Published July 16, 2008 12:56 am - River activists say the biggest problem for the Minnesota is farm drainage.

Drainage remains an issue
Demand for cropland eats at conservation acreage

By Tim Krohn
Free Press Staff Writer

When talking to people who are closely tied to the Minnesota River, two topics invariably come up:

* Activity on, and interest in, the river has increased substantially the past decade, and the worst pollutants in the river have been reduced.

* The river is under horrendous pressure and threat because of extensive farm drainage in the millions of acres that drain into the river.

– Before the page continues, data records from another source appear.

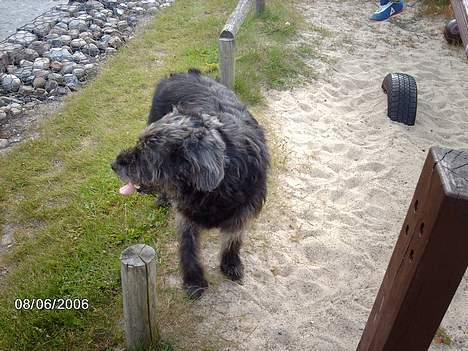 Blanding af racer Dina - Neej, vand - der må jeg ned... billede 3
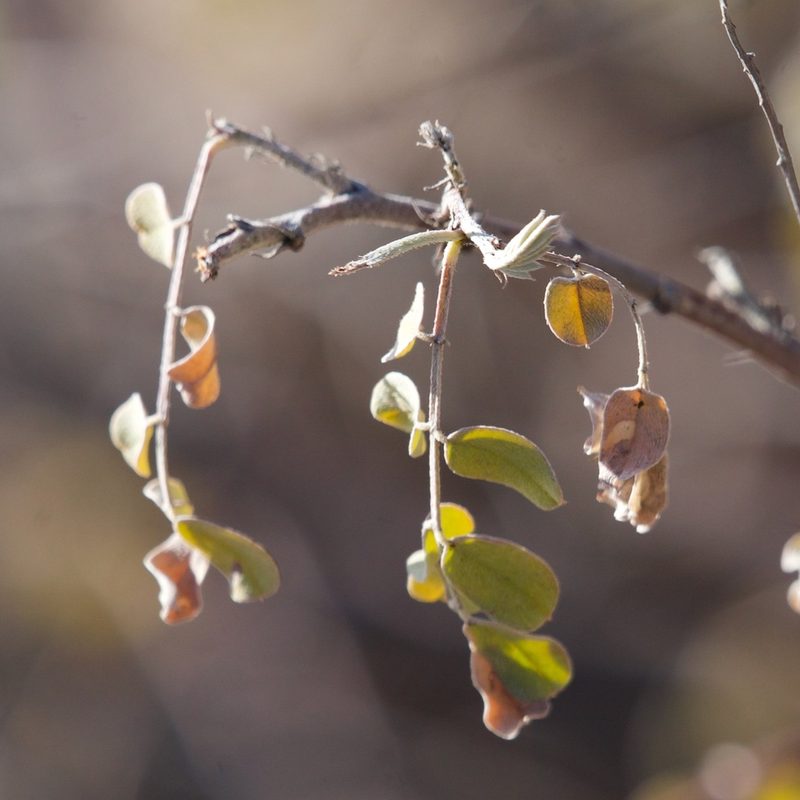 Indigofera fruticosa, photographed by Bill Levine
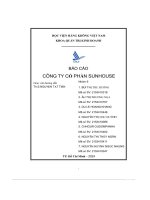 báo cáo công ty cổ phần sunhouse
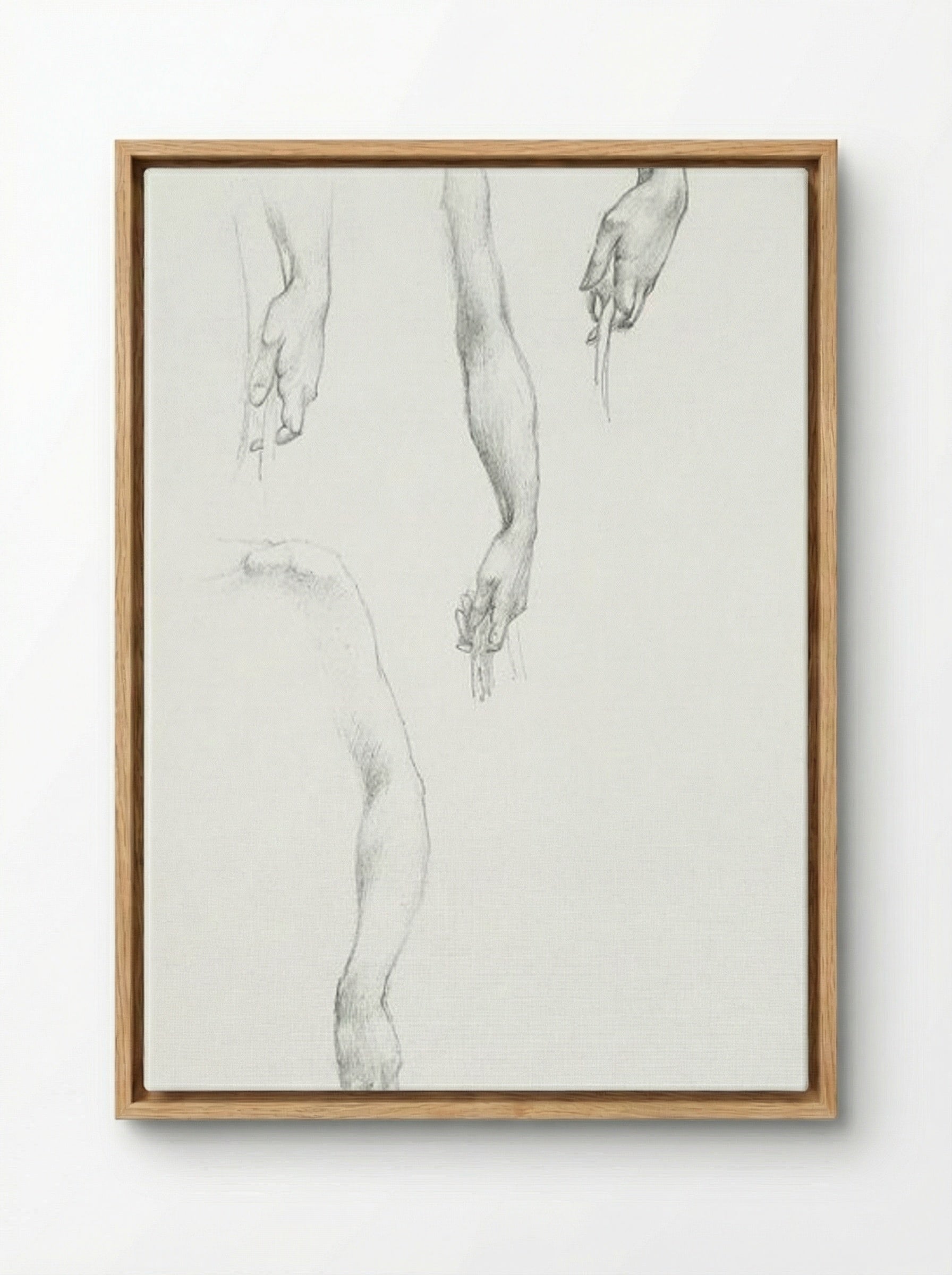 Studies of Arms and Hands - Edward Burne-Jones - Framed Canvas Wood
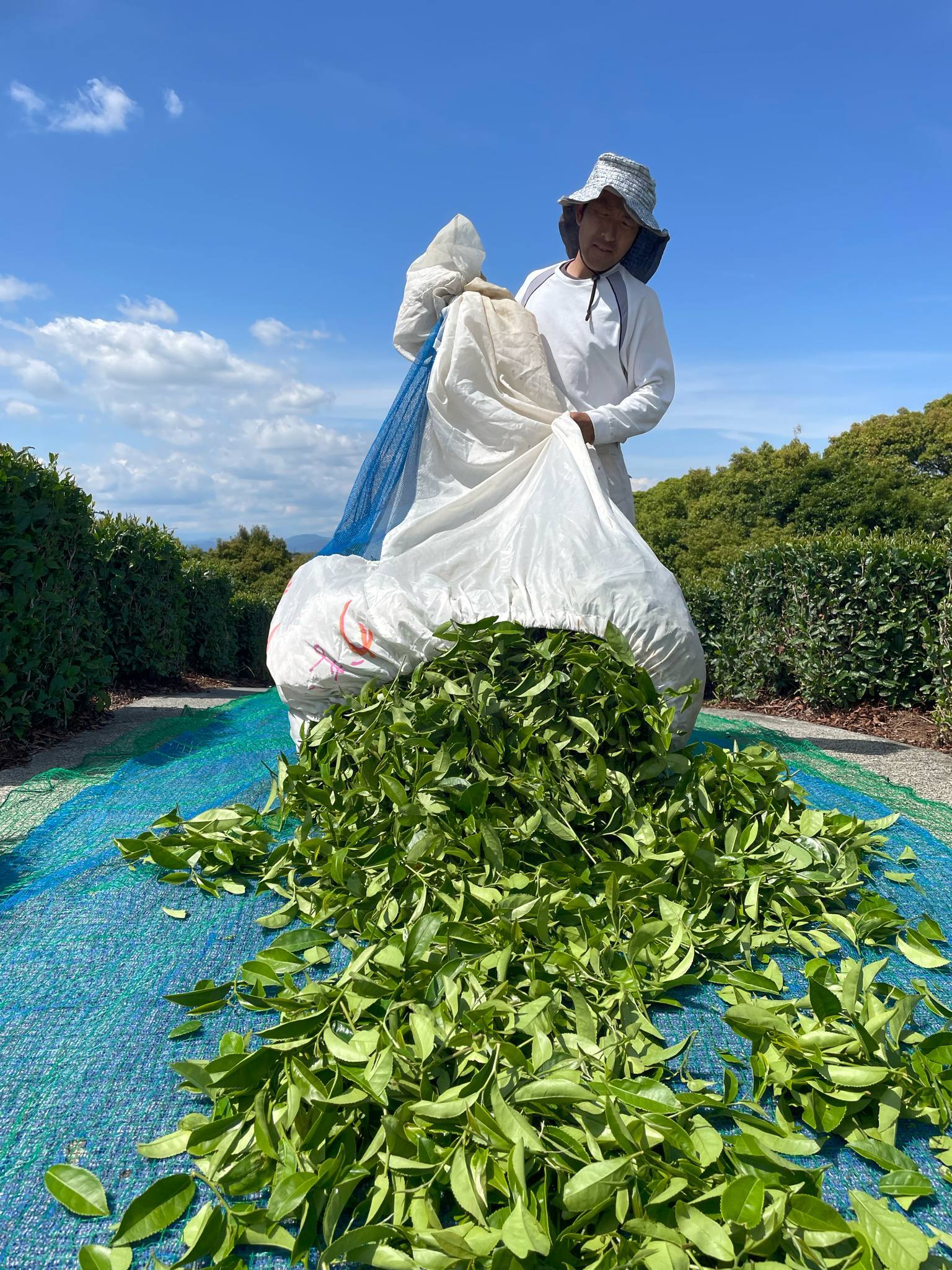 釜炒り茶　柴本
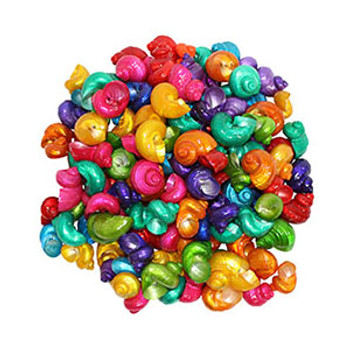 Dyed Pearl Turbo Large Coated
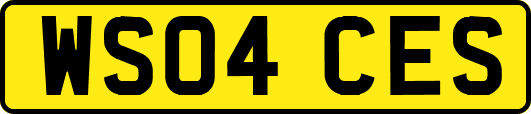 WS04CES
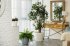 Горшок цветочный Ingreen Villa De Fiori ø36 h33 см v20 л пластик утренний туман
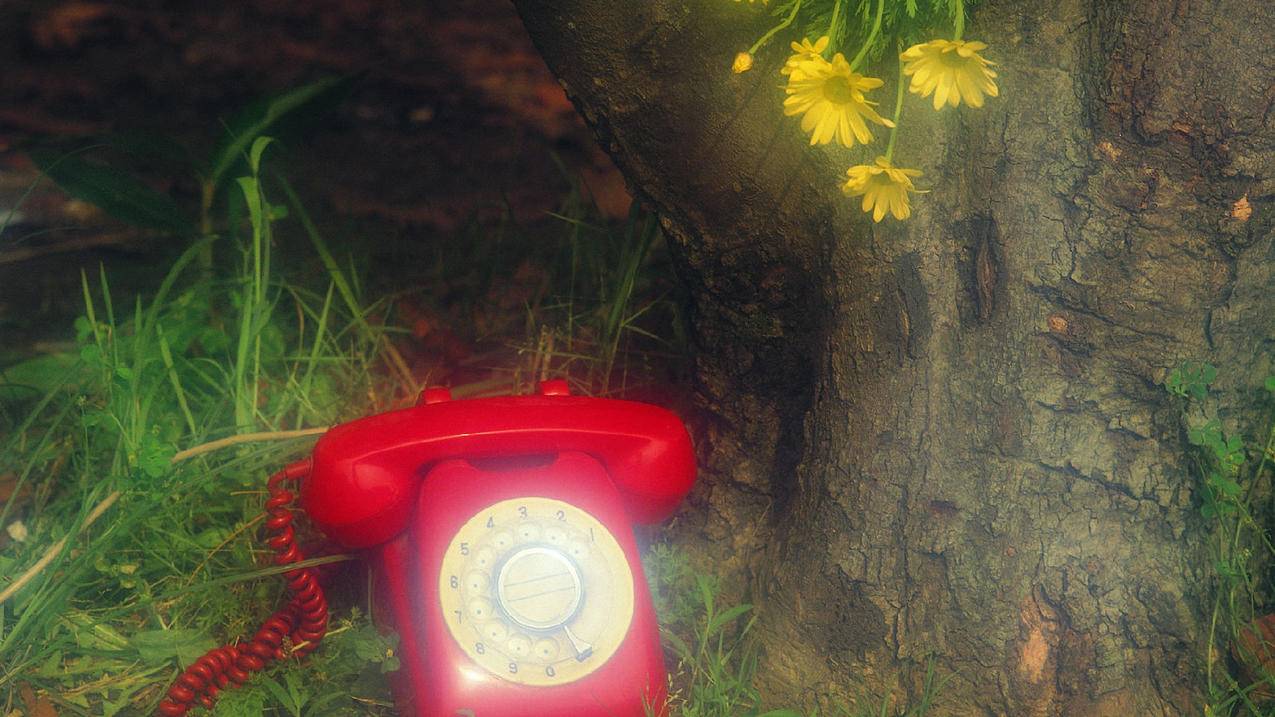 什么软件可以另一个手机提醒对方  ( 如何全面拒绝Facebook向我的邮箱发邮件 ) - 55dz账号网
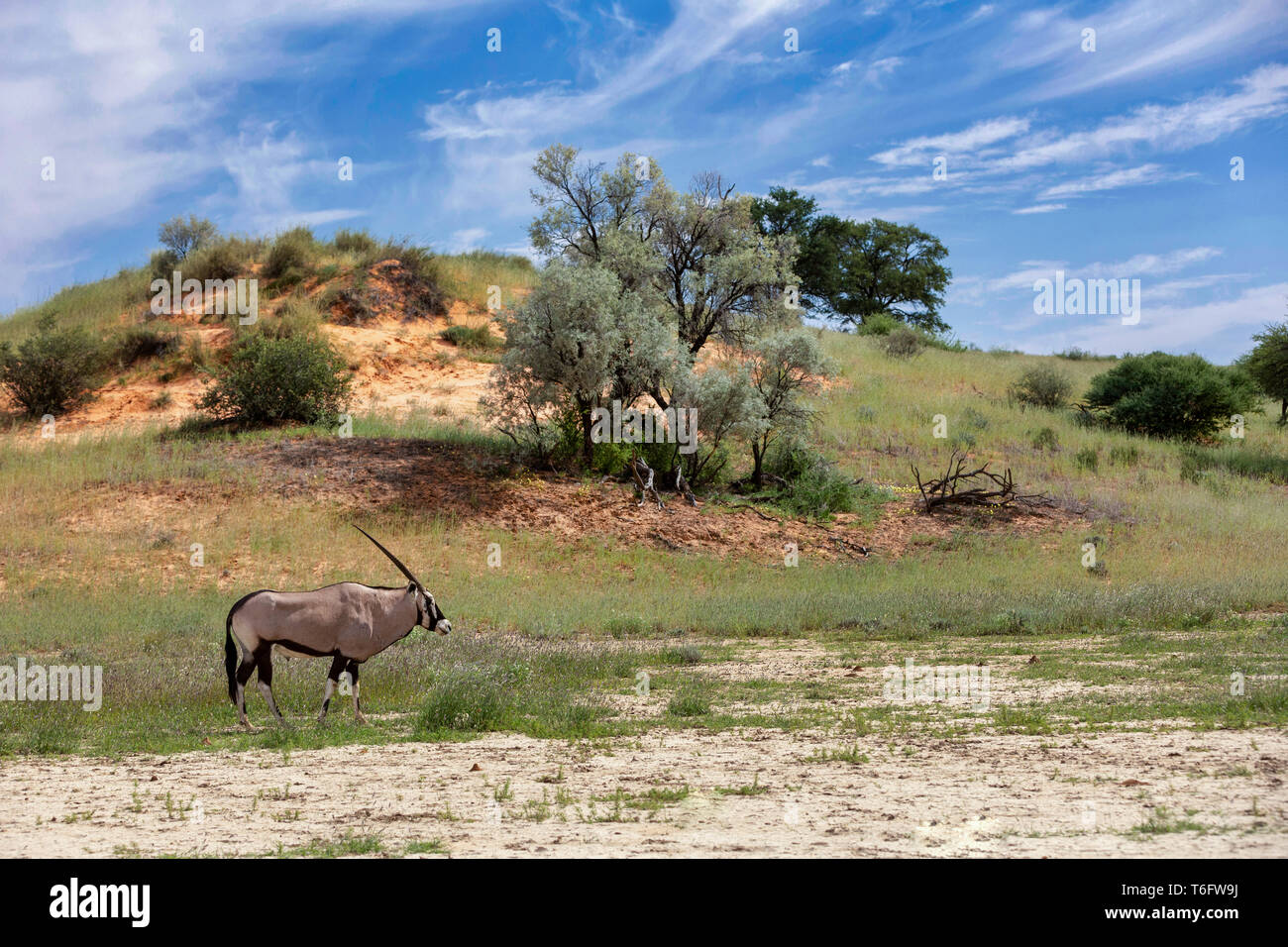Oryx Oryx gazella in der Kalahari Stockfoto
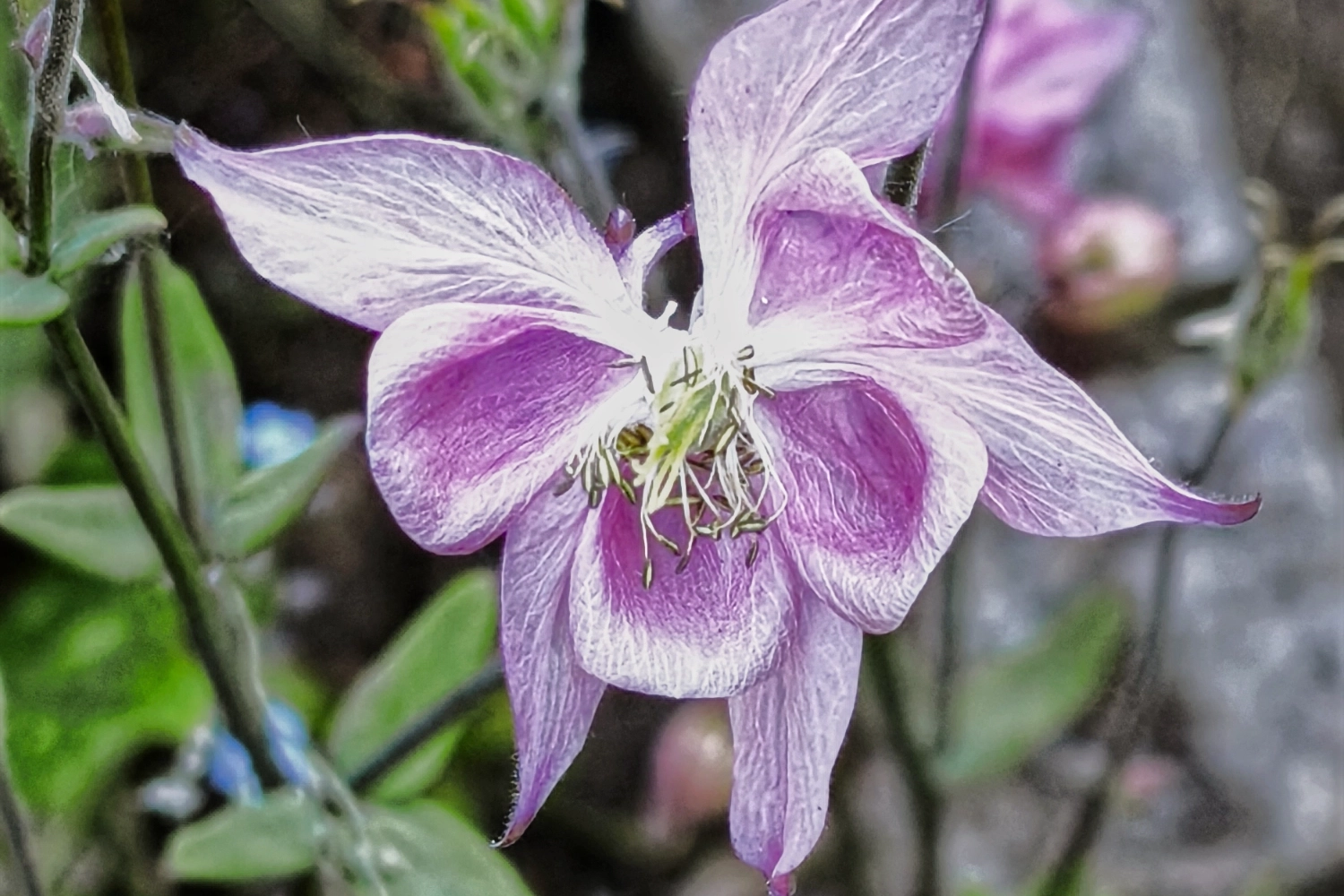 wiesen flockenblume small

Farmland drainage has long been identified as a big contributor to erosion and pollution in the Minnesota. Before extensive tiling, the land drained slowly and dirt and pollutants were filtered out.

Today those fields drain quickly, sending water rapidly into drainage ditches and then to ravines and rivers, causing more extensive flooding and bringing more dirt and chemicals to the river. That drainage also has been blamed for the increased flooding on the Mississippi River.

Bob Zoet, a longtime canoeist from Mankato who often can be found on the Le Sueur River, said he’s seen big changes in recent years.

“On the Le Sueur, with an inch of rain now you see this fast jump in the river and it goes down fast. The banks of the river really get undermined from all that water flowing so fast.

“The banks and trees are just falling in. It’s not good.”

Dave Smiglewski, mayor of Granite Falls, said his city has been devastated by floods in recent years. Similar amounts of rainfall in the past wouldn’t have brought the same kind of damage, he said.

“The drainage tile is a big problem. When it rains upstream, the water comes up fast. It comes through town in three days instead of three weeks. We see the effects here.”

Patrick Moore, head of the CURE river-improvement group in Montevideo, said pattern tiling has become very efficient and widespread in the past decade.

“Turbidity is bad in the river. We’re losing topsoil and nutrients.”

Moore said counties also are failing to enforce laws on the books requiring buffer grass strips along drainage ditches.

One possible bright spot, Moore said, is that more tiling companies and farmers are starting to look at metered tiling systems that hold water in the fields longer and release it more gradually. The systems help farmers by holding more nutrients in the soil where the crops can use them.